** Work task **
Although the records contain pictures, print none of them; print exactly the lines from the one with "208 Northwest 1st" through the last line.
————————
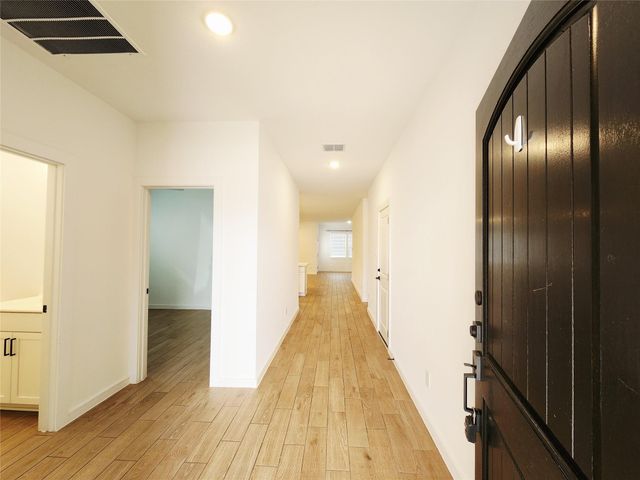 8430 Bay Ridge Circle, Baytown, TX 77523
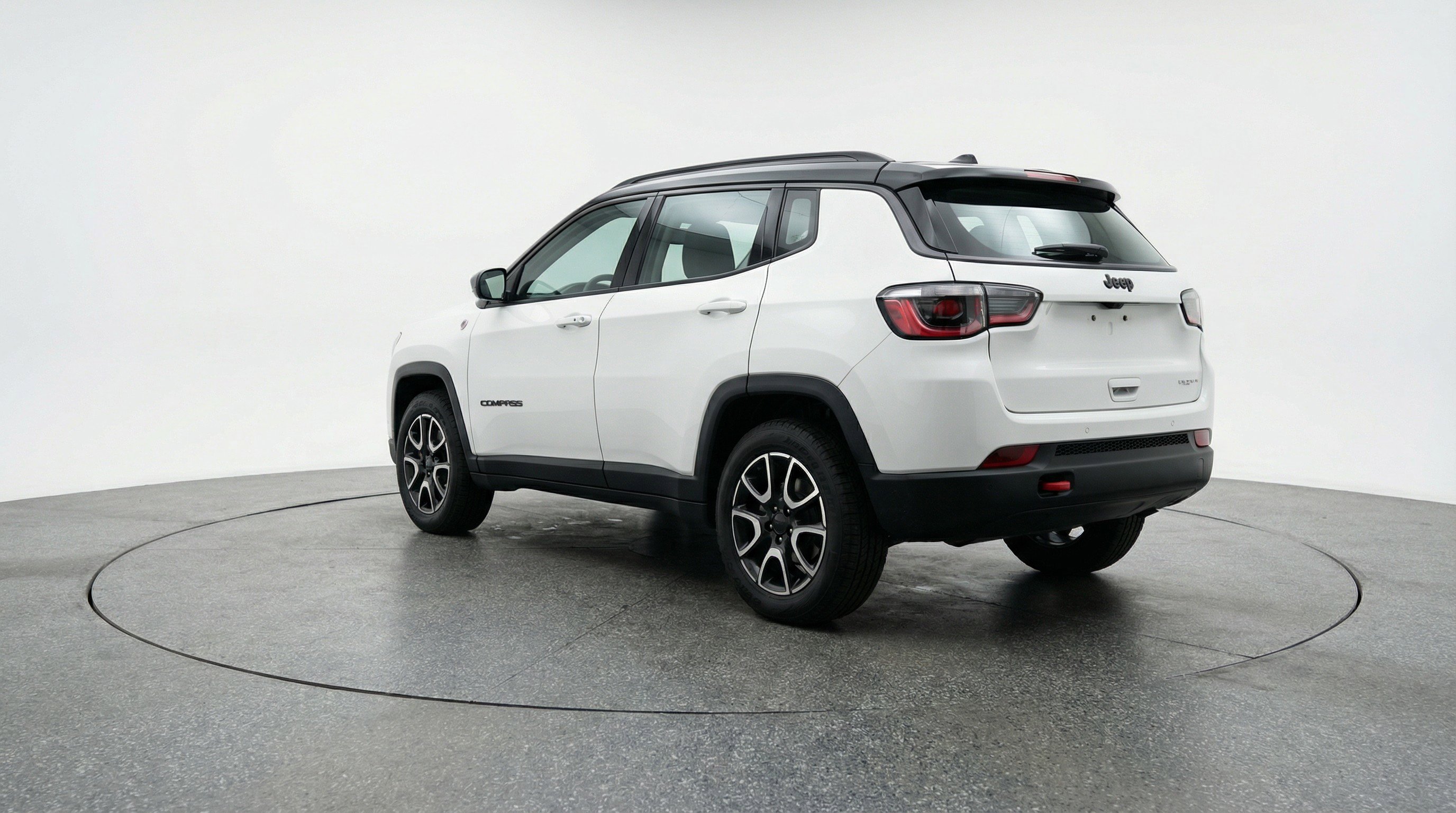 Used 2025 Jeep Compass Trailhawk AWD/4WD image 6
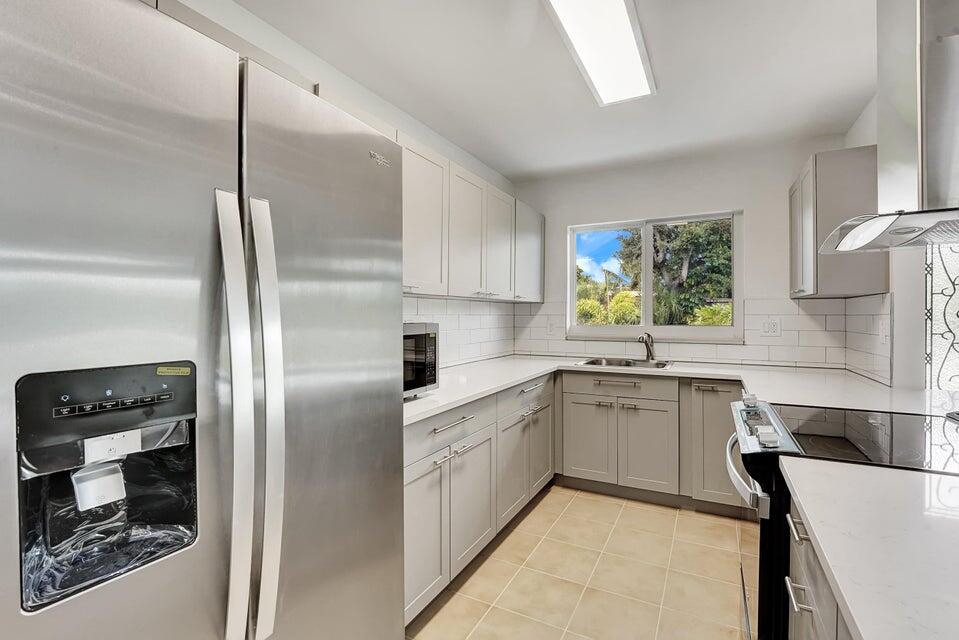 208 Northwest 1st Street Boynton Beach, FL 33435 - Photo 7 of 25 20250710171902842390000000-o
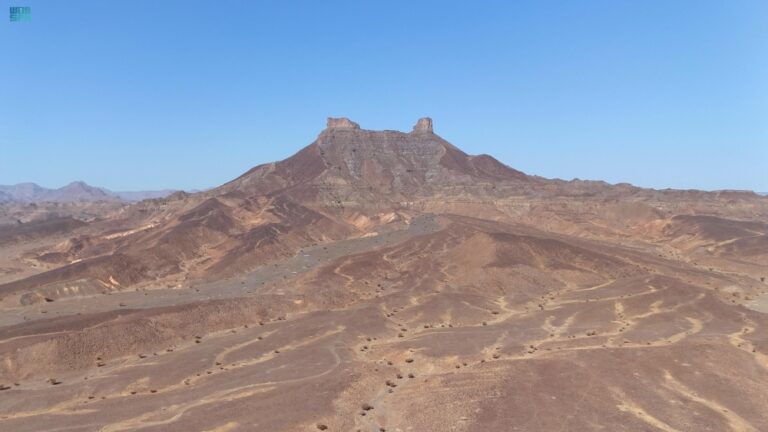 مسار-تاريخي.-“جبل-الفحلتين”-معلم-نبوي-يتوسط-دروب-الحجيج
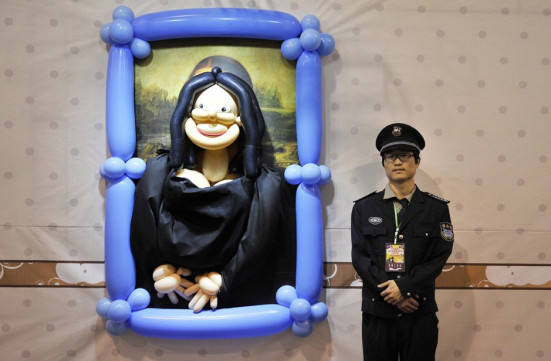 摄影入门、摄影作品分析：不许笑！16张照片详解奇葩场景如何拍出大师范！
————————
** Your response **
 208 Northwest 1st Street Boynton Beach, FL 33435 - Photo 7 of 25 20250710171902842390000000-o
 مسار-تاريخي.-“جبل-الفحلتين”-معلم-نبوي-يتوسط-دروب-الحجيج
 摄影入门、摄影作品分析：不许笑！16张照片详解奇葩场景如何拍出大师范！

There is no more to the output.